Health Workers To Be Subjected To Regional Job Interviews For Recruitment | Health

The Ghana Health Service (GHS) would henceforth, with all Financial Clearance to the Service, require all health workers to go through job interview processes at the Regional levels.

Dr Anthony Nsiah-Asare, the Director-General of the Ghana Health Service (GHS), who made this known at a three-day second Senior Managers Meeting (SMM II) in Accra, said the new directive was part of efforts to address the presently skewed human resource challenges of the health sector that favoured urban areas.

He explained that with the decentralisation of recruitment at the regional level, health facilities had been given quotas to advertise and manage the recruitment process for those granted financial clearance to compete for available vacancies in their preferred regions.

Human Resources (HR) Management, has become one of the major challenges facing the health sector, and these ranged from mal-distribution of staff, poor skill mix, and even staff refusal of posting to certain parts of the country, effective management decisions, as well as inappropriate staffing norms.

The anomaly he said, if not tackled with all the seriousness it deserved, could undermine the achievements made in the health sector over the years.

Dr Nsaih-Asare said the new recruitment process would therefore address the inequitable distribution of health workers between rural and urban communities, and ensure that placements and postings of staff were done based on existing gaps within facilities across the country.
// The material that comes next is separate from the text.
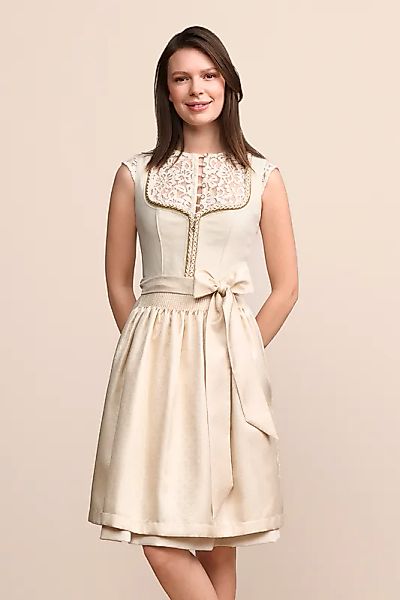 Dirndl Soleil (60cm) günstig online kaufen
He also outlined some efforts being made to address the challenges, saying the GHS has completed the development of a Human Resource Information System, to track health worker availability and distribution, and has also conducted an HR gaps analysis for all health facilities in the country, which was being used to guide recruitment and redeployment exercises in the Service.

The Director-General commended the Human Resource Development Division (HRDD) of the GHS, for having recently completed the staffing norms for the Service.

“We shall put in the pull and push factors to attract staff to deprived and underserved areas”, explaining that various deprived area retention schemes were also being developed to provide the necessary support to enable staff accept the challenge of working in the underserved areas of the country.

Currently, the GHS was currently working on a collaborative scheme with some housing companies to put up accommodation for health facilities on unencumbered lands, he said.

In addition the GHS Council has approved for a Reinsurance Scheme named the “Health +”, to cater for healthcare not covered by NHIS, and also for staff on retirement, and urged all Regional Directors to discuss these with their staff.

Dr Nsiah-Asare also promise to soon engage with all Union Leaders to encourage them to bring their members on board so as to initiate the “Health +” by the first quarter of 2019.

He said the implementation of the Community-Based Health Planning and Services (CHPS), remained a major cornerstone of Ghana’s health systems improvement, and served as the first point of contact and lowest level of service delivery for maternal and reproductive health, neonatal and child health services, management of minor ailment, health education, follow up on defaulters, discharged patients and emergency referrals.

He stated that that was the main reason why there should be equity in the distribution of skilled HR to these primary points of contact to address the enormous health needs of the larger society.

He however said despite the gains made over the years, the declining donor funding support amidst the transition of some health partners imposed a challenge to sustaining the gains made, which calls for effective domestic resource mobilization, new initiatives and innovations in resources mobilization and prudent use of resources through efficient procurement.

Dr Yao Yeboah, the Chairman of the Ghana Health Service Council, on his part, said a lot of work ought to be done in order to propel Ghana to achieve Universal Health Coverage in the shortest possible time.

This would require strengthened collaboration and building of synergies as it was impossible for the GHS alone to handle the enormous task.

Dr Yeboah therefore called for visionary leadership, team work, the judicious use and management of all forms of resources to achieve the expected quality health outcomes.